# The Sound of Cinema



## Guest

This programme - a series of three - has started on BBC4. I watched the first last night, which was about the big, stirring scores covering Steiner's invention of the click track for _King Kong_, Korngold's score for _Adventures of Robin Hood_, Herrmann's problems with _Torn Curtain_ and his 'rehabilitation' with _Taxi Driver_, and Zimmer's scores for _Gladiator _and _Inception_. I thought it noteworthy that Zimmer "didn't want to write a march, or militaristic score" for the battle sequence at the beginning: to my ears, it sounded pretty militaristic. Zimmer says that he decided he wanted to write a waltz! I hadn't noticed. He also claims that Ridley Scott was going to open with the battle, and it was Zimmer who suggested the 'hand on the wheat' scene instead, which does indeed give a completely different slant on the character of Maximus.

Next week, the use of pop...

I enjoyed it: anyone else watching?


----------



## Symphonical

I watched it as well, MacLeod. I also really enjoyed it and learnt a lot since I don't listen to much music that came from after 1880. It also answered my own question of how orchestral music came to be in most blockbuster films? Wasn't complaining about it, though. 
I had this essay that I had to write for music lessons in school and it was an essay on the history of music from the Renaissance to the 21st century. The program provided me with a lot of rather detailed information for me to use in the essay as I don't know as much about music from the 20th and 21st centuries. Brilliant 

Therefore, I really enjoyed the program but missed the 'pop' episode. Is it worth watching?


----------



## Guest

I've not yet watched ep 2.

I had to go away and watch _Inception _again - I've only seen it once at the movies and half on DVD when my son was watching. The film is, I think, a horrific exploration of the ambiguities of our existence, and when your sense of mortality begins to creep across your daily consciousness, the emotion such films provoke, accompanied by a grand, emphatic score, it's difficult not to find it a draining experience.

I'd put _Inception _in my top 5 list, and Zimmer's score makes a significant contribution to the film's heft.


----------



## CypressWillow

There's an old film called "Downhill Racer" with Robert Redford. I like his acting, am interested in skiing, liked the plot and the dialogue, etc. A film I really enjoy is like an old friend that I'll happily revisit, many times. However, I just can't watch this film any longer. The score, oh the score. As I recall it, it had a lot of then-current, supposedly 'hip' Euro-pop music. (Hip, not hip-hop!) I didn't much care for the music when the film was new. On trying to view it again a few years later, it practically made my ears bleed! 
I thought I was being ridiculous and tried again recently. Nope, same reaction. What is it about the sound track for that film?!?! It's the first time I ever found myself wishing they could use the same footage and just create a brand-new sound track for the film.


----------



## Art Rock

There are numerous iconic movie scenes that rely just as heavily on the music as on the image. Examples are Jaws, Star Wars (Darth Vader entry), Psycho (shower scene).


----------



## Blancrocher

Art Rock said:


> There are numerous iconic movie scenes that rely just as heavily on the music as on the image.
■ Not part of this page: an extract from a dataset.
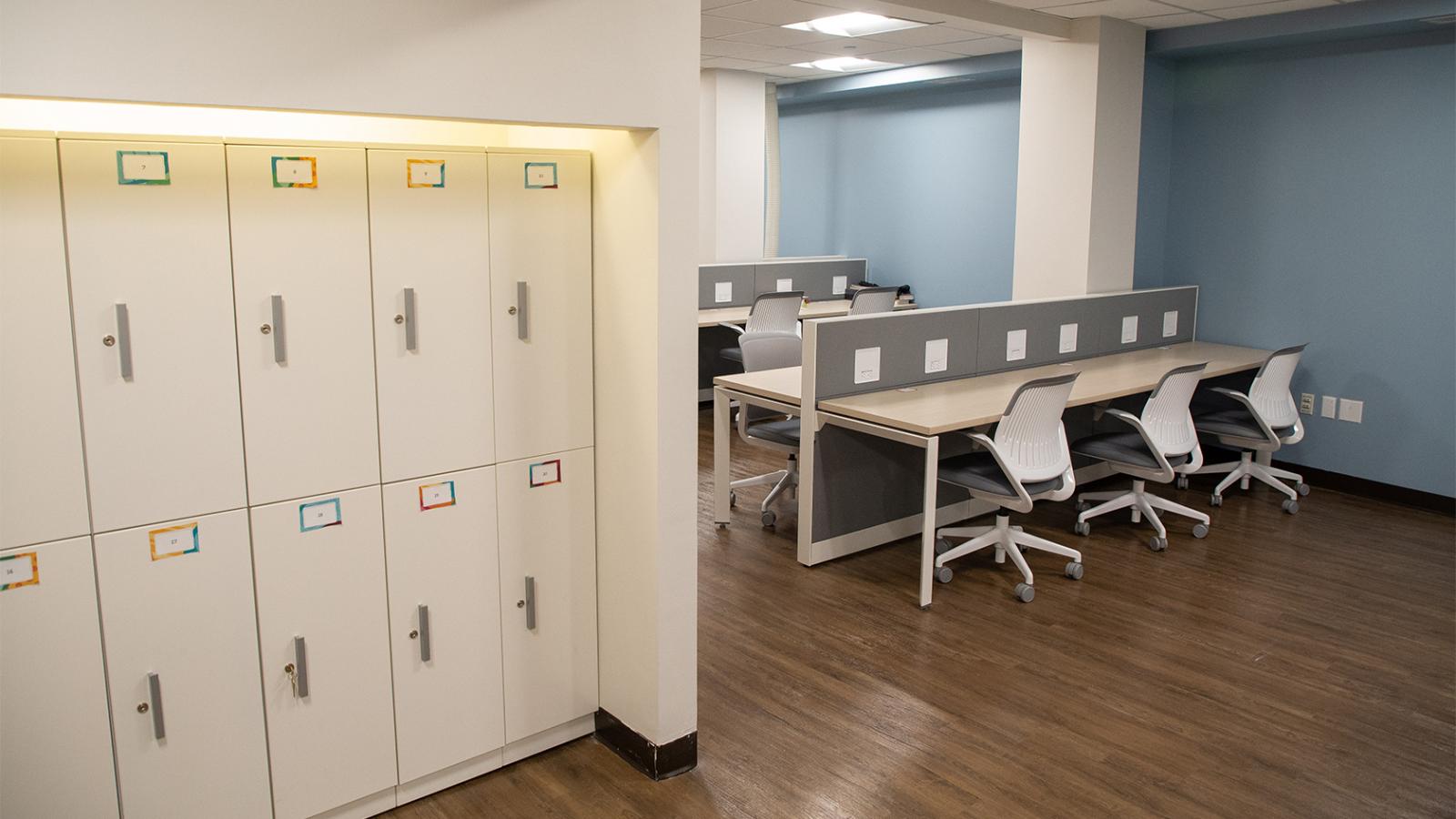 Renovated and refreshed study space with lockers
I used to watch "Jules and Jim" repeatedly until I discovered I could get most of the story just by listening to the soundtrack. Whether on DVD or CD, in any case, this one's a must-hear!


----------



## Guest

I've not seen _Downhill Racer_, but looking at some clips on YouTube, I think I might have given it a miss (though I like Redford and was an avid fan of _Ski Sunday_). I see the score was by the not particularly well known Kenyon Hopkins, who also did the rather better received _12 Angry Men_ (1957)_._ Some scores do seem to date a movie.

It's interesting that silent movies are often rereleased with new soundtracks, though that's presumably because, as they were silent (!) they enjoyed the variable accompaniment of whatever theatre they were playing in. I presume that no-one bothers now: I wonder what difference it would make to _Psycho _if, say, John Williams or Danny Elfman were to compose for it? Or Carter Burwell?


----------